# Lao word tokenisation (segmentation)

[![Open In Colab](https://colab.research.google.com/assets/colab-badge.svg)](https://colab.research.google.com/github/enabling-languages/libraries-transformation/blob/main/notebooks/Segment_Lao.ipynb)


The code below will use ICU and LaoNLP to perform word segmentation for comparison. 

## Setup


In [11]:
%%capture
!pip install laonlp
!pip install pyicu

from laonlp.tokenize import word_tokenize as lao_wt
from icu import BreakIterator, Locale
import regex as re

In [8]:
def laonlp_tokenise(s, sep):
    s = sep.join(lao_wt(s))
    s = re.sub(r"\s{2,}", " ", s)
    s = re.sub(r'\s([?.!"](?:\s|$))', r'\1', s)
    s = re.sub(r'\s([\-])(?:\s|$)', r'\1', s)
    return s

def iterate_breaks(text, bi):
    bi.setText(text)
    lastpos = 0
    while True:
        next_boundary = bi.nextBoundary()
        if next_boundary == -1: return
        yield text[lastpos:next_boundary]
        lastpos = next_boundary

bi = BreakIterator.createWordInstance(Locale('lo_LA'))
def icu_tokenise(s, sep, iterator=bi):
    s = sep.join(list(iterate_breaks(s, iterator)))
    s = re.sub(r"\s{2,}", " ", s)
    s = re.sub(r'\s([?.!\"](?:\s|$))', r'\1', s)
    s = re.sub(r'\s([\-])(?:\s|$)', r'\1', s)
    return s

def segment_words(text, engine="icu", sep="\u0020"):
    engine = engine.lower()
    if engine == "icu":
        return icu_tokenise(text, sep)
    elif engine == "laonlp":
        return laonlp_tokenise(text, sep)

## Enter text

In [3]:
lao_data = input("Enter Lao text: ")

Enter Lao text: ບົດສະຫລຸບການຈັດຕັ້ງປະຕິບັດວຽກງານຮອບດ້ານສິກປີ 2008-2009 ແລະ ທິດທາງແຜນການສິກປີ 2009-2010


## Segmentation with ICU

In [9]:
segment_words(lao_data, engine="icu", sep=" ")

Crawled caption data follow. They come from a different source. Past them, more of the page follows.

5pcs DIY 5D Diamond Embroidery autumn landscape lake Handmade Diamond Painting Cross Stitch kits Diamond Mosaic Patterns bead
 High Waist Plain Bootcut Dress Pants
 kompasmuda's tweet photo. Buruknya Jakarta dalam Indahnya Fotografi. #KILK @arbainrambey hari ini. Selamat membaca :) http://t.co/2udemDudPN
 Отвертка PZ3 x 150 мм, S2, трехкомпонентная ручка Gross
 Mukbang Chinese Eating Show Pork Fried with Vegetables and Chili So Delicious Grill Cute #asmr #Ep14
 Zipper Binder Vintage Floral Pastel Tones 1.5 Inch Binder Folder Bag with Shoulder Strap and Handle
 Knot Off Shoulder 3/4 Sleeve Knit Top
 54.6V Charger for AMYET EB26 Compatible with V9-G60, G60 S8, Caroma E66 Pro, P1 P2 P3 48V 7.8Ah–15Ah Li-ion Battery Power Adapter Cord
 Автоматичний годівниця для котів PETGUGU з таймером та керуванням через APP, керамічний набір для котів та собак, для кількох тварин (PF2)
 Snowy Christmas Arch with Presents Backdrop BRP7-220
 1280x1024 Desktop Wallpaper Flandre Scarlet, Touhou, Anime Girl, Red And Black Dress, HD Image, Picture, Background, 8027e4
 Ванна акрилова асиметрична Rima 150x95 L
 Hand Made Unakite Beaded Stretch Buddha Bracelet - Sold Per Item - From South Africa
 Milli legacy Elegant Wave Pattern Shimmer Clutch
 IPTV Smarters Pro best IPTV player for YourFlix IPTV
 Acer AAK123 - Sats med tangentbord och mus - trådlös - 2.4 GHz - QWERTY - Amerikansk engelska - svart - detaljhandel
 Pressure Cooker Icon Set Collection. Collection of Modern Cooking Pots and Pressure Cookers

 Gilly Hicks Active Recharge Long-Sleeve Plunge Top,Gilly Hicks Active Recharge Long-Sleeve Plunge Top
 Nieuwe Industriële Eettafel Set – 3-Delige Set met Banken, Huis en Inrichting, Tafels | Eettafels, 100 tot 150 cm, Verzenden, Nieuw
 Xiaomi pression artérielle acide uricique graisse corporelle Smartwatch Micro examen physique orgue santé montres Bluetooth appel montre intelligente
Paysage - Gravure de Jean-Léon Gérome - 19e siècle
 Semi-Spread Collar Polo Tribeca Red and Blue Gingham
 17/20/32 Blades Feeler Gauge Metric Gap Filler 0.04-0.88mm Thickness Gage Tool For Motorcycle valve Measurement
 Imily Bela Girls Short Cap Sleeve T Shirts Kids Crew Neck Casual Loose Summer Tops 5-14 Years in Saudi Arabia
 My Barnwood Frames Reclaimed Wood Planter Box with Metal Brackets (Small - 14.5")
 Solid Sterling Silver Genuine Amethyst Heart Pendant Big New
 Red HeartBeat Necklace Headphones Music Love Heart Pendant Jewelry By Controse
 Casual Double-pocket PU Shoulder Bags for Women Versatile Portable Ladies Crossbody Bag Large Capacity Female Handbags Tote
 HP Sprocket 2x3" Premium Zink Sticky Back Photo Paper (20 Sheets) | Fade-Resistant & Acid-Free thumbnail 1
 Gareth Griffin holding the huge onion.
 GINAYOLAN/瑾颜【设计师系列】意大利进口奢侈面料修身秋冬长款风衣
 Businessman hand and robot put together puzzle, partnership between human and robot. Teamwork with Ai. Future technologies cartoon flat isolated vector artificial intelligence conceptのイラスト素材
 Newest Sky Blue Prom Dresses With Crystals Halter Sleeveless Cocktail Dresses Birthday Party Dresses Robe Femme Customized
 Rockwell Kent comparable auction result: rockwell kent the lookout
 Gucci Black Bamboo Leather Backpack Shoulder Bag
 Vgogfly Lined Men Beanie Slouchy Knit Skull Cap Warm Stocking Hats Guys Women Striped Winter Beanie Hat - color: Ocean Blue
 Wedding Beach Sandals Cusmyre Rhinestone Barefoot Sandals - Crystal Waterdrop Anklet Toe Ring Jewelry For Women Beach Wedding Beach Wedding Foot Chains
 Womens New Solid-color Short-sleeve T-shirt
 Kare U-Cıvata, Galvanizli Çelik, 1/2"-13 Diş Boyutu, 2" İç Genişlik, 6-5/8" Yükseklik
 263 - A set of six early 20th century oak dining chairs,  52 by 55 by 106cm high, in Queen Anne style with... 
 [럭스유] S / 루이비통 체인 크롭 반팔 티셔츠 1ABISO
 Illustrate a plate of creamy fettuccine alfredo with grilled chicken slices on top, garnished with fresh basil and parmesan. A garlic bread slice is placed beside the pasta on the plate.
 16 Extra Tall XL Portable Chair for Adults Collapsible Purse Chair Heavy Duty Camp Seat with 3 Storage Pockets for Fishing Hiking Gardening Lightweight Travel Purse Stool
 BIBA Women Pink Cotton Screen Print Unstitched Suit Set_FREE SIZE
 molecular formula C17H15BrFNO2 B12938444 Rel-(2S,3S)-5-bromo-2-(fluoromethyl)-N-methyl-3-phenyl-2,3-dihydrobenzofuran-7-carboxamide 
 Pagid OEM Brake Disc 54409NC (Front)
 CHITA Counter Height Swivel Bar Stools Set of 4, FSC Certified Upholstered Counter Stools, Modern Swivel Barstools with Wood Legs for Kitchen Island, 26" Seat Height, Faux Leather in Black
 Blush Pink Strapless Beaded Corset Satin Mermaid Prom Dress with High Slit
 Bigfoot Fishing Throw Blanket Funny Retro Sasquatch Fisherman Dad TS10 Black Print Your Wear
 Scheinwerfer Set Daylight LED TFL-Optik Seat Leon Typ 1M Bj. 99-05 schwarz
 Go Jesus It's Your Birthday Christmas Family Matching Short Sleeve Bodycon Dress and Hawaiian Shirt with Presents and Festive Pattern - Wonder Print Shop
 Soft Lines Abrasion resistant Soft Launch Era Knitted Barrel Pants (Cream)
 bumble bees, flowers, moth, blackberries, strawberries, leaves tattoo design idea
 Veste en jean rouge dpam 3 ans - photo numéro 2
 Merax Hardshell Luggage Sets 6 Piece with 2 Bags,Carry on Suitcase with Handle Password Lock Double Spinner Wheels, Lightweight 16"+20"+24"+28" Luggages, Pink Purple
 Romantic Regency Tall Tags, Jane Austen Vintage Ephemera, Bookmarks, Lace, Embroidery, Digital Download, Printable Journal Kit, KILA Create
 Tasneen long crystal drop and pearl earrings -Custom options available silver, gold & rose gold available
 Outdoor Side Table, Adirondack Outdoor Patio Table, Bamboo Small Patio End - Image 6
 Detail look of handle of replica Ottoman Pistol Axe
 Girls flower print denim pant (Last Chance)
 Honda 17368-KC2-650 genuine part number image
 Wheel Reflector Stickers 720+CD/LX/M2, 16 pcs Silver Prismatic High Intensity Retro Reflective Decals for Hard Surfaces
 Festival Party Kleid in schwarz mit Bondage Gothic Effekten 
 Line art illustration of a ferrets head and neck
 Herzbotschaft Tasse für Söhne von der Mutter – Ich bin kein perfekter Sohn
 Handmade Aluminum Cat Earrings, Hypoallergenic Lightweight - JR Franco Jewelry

'ບົດ ສະຫລຸບ ການ ຈັດຕັ້ງ ປະຕິບັດ ວຽກງານ ຮອບ ດ້ານ ສິກ ປີ 2008-2009 ແລະ ທິດທາງ ແຜນ ການ ສິກ ປີ 2009-2010'

## Segmentation with LaoNLP

In [10]:
segment_words(lao_data, engine="laonlp", sep=" ")

'ບົດ ສະຫລຸບ ການຈັດຕັ້ງ ປະຕິບັດ ວຽກງານ ຮອບດ້ານ ສິກ ປີ 2008-2009 ແລະ ທິດທາງ ແຜນການສິກ ປີ 2009-2010'